Last week I had the opportunity to return to the Pride Academy in East Orange, NJ and spend time with staff as they prepared for the start of a new school year. Last year the Pride Academy received an Effective Practice Incentive Community (EPIC) Silver Gains Award for Driving Dramatic Student Achievement Gains.
I’ve worked with the school for the past four years continually identifying the changes needed in “what students do” to raise achievement and the changes in “what teachers do” that promote the students’ efforts. See February’s school blog
In this session teams set student achievement goals for the school year and analyzed student behaviors that would be needed to get those gains. We explored how collaborative inquiry and project based learning could assist in generating the needed student behaviors.
I added a component asking the teaching teams to consider the student beliefs that would encourage the desired behaviors.
Roughly half of American students today are hopeful about their futures.
Two-thirds of students are engaged in their learning.
Two-thirds have high well-being.
The data was reported by Gallop Inc. Quoting Shane Lopez, a senior scientist , ”The finding on student hope is significant because, according to the organization’s meta-analysis of studies linking hope and achievement, hope accounts for about 13 percent of the variance in students’ academic success (defined by markers such as attendance, credits attempted and earned, and graduation). That’s a significant chunk.”

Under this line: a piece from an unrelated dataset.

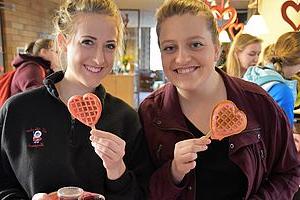 两个女生拿着心形华夫饼在宿舍庆祝情人节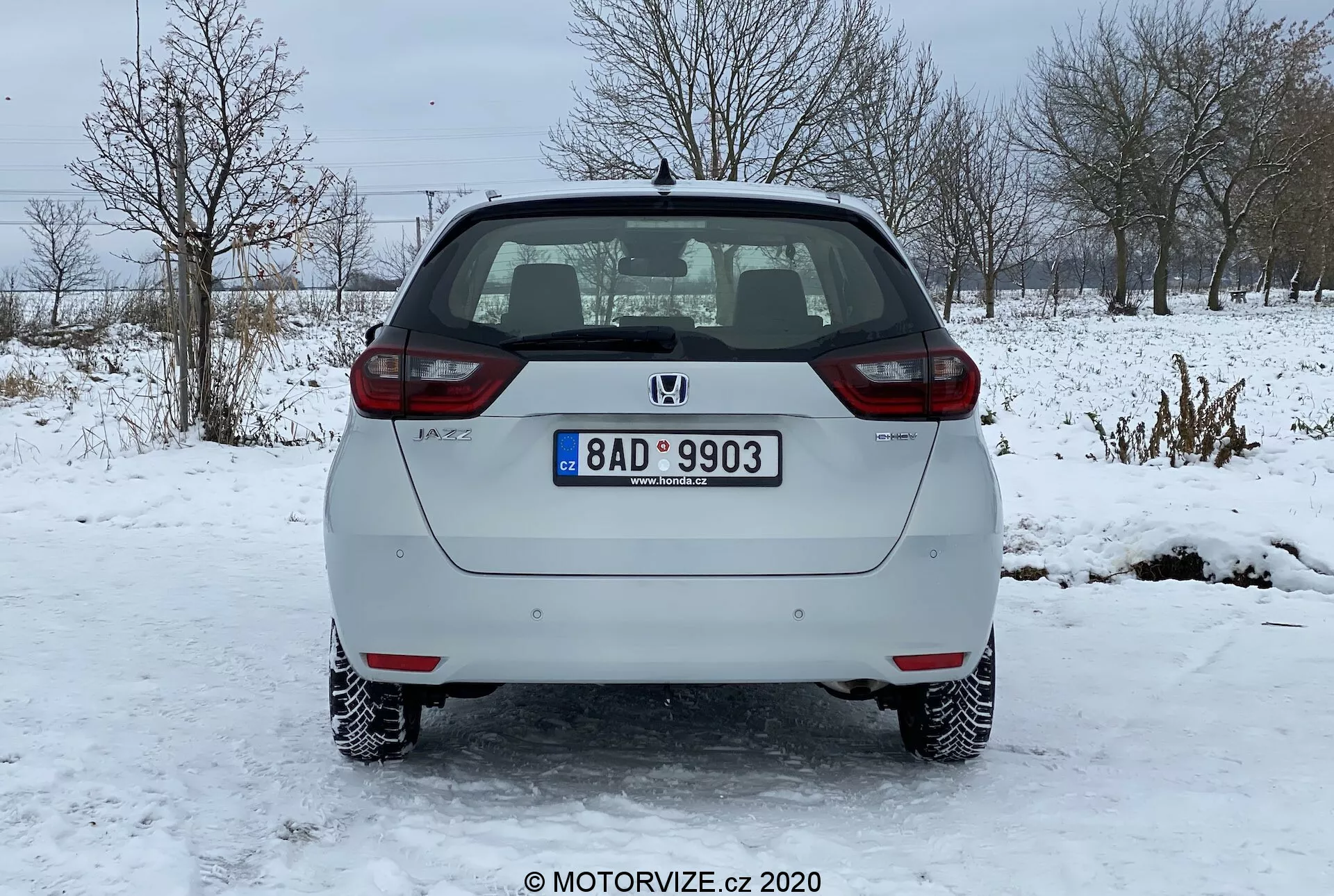 Zadný pohľad na strieborný hatchback Honda Jazz 2020 zaparkovaný na ľadovom povrchu. Obrázok jasne zachytáva zadný nárazník, zadné dvere, koncové svetlá a zadné okno vozidla. Na zadných dverách je viditeľný emblém výrobcu a názov modelu spolu so štandardnou evidenčnou značkou umiestnenou v strede. Auto má osvetlené osvetlenie evidenčnej značky, odrazky na oboch koncoch zadného nárazníka a koncové svetlá so štandardnou žiarovkou. Zadné okno má funkciu odmrazovania označenú vodorovnými čiarami a zadný stierač je zaparkovaný navrchu. Výfukový systém je mierne viditeľný pod zadným nárazníkom na pravej strane. Auto má oceľové kolesá s dekoratívnymi krytmi a nachádza sa v zimnom krajinnom prostredí so snehom a holými stromami v pozadí.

Lopez said hope means students “believe the future will be better than the present, and that they have the power to make it so.” Surprisingly, he noted, hope among students has almost no correlation to family income (in contrast to findings on hope for the nation as a whole).
Here are some beliefs the teachers identified as important:
Where I am is not where I need to remain.
Making mistakes is not only ok but often an important part of learning.
Developing a skill takes repetition and practice.
I am capable of mastering things I’ve failed at before.
We then examined ideas for providing students collaborative inquiry activities around such beliefs. Getting the kids to research, reflect and present to their classmates rather than the teacher telling them.
What role does practice play in developing skills?
How common is it for people to experience failure before success?
One teacher had the idea that each group of students could explore a different belief and include in their presentation to classmates a banner to decorate the room.
I’m thinking that getting students to reflect on their beliefs might help focus the needed learning behaviors.
One last quote from Shane Lopez: “There are some things you can do as a principal [to increase student engagement] but the number one thing you can do is make sure your teachers are engaged.”